Provided records:

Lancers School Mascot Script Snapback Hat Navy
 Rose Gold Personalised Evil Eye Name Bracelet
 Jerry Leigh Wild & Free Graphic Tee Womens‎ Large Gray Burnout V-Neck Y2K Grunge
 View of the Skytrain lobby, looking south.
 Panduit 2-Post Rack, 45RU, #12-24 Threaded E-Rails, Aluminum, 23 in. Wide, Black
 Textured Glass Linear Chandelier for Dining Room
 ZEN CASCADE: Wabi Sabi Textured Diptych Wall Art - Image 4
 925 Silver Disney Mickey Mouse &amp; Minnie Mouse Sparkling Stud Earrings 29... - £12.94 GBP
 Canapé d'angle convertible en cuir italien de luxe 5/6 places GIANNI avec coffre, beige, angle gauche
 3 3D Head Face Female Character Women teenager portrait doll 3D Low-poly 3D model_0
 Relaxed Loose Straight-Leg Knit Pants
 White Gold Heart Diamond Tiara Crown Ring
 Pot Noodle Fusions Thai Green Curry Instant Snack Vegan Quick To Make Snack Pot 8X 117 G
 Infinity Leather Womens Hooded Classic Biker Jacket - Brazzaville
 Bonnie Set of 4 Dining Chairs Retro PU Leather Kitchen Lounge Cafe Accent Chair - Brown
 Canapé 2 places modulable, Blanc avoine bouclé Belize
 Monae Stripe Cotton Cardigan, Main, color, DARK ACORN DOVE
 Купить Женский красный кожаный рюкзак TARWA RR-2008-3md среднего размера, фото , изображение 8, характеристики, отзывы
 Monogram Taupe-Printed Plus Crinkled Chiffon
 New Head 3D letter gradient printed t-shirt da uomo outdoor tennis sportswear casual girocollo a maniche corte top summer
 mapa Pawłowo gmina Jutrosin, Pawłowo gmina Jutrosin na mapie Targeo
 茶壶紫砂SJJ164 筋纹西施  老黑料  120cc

Exercise requirements: The full listing above needs to be transcribed exactly.

Solution:
Lancers School Mascot Script Snapback Hat Navy
 Rose Gold Personalised Evil Eye Name Bracelet
 Jerry Leigh Wild & Free Graphic Tee Womens‎ Large Gray Burnout V-Neck Y2K Grunge
 View of the Skytrain lobby, looking south.
 Panduit 2-Post Rack, 45RU, #12-24 Threaded E-Rails, Aluminum, 23 in. Wide, Black
 Textured Glass Linear Chandelier for Dining Room
 ZEN CASCADE: Wabi Sabi Textured Diptych Wall Art - Image 4
 925 Silver Disney Mickey Mouse &amp; Minnie Mouse Sparkling Stud Earrings 29... - £12.94 GBP
 Canapé d'angle convertible en cuir italien de luxe 5/6 places GIANNI avec coffre, beige, angle gauche
 3 3D Head Face Female Character Women teenager portrait doll 3D Low-poly 3D model_0
 Relaxed Loose Straight-Leg Knit Pants
 White Gold Heart Diamond Tiara Crown Ring
 Pot Noodle Fusions Thai Green Curry Instant Snack Vegan Quick To Make Snack Pot 8X 117 G
 Infinity Leather Womens Hooded Classic Biker Jacket - Brazzaville
 Bonnie Set of 4 Dining Chairs Retro PU Leather Kitchen Lounge Cafe Accent Chair - Brown
 Canapé 2 places modulable, Blanc avoine bouclé Belize
 Monae Stripe Cotton Cardigan, Main, color, DARK ACORN DOVE
 Купить Женский красный кожаный рюкзак TARWA RR-2008-3md среднего размера, фото , изображение 8, характеристики, отзывы
 Monogram Taupe-Printed Plus Crinkled Chiffon
 New Head 3D letter gradient printed t-shirt da uomo outdoor tennis sportswear casual girocollo a maniche corte top summer
 mapa Pawłowo gmina Jutrosin, Pawłowo gmina Jutrosin na mapie Targeo
 茶壶紫砂SJJ164 筋纹西施  老黑料  120cc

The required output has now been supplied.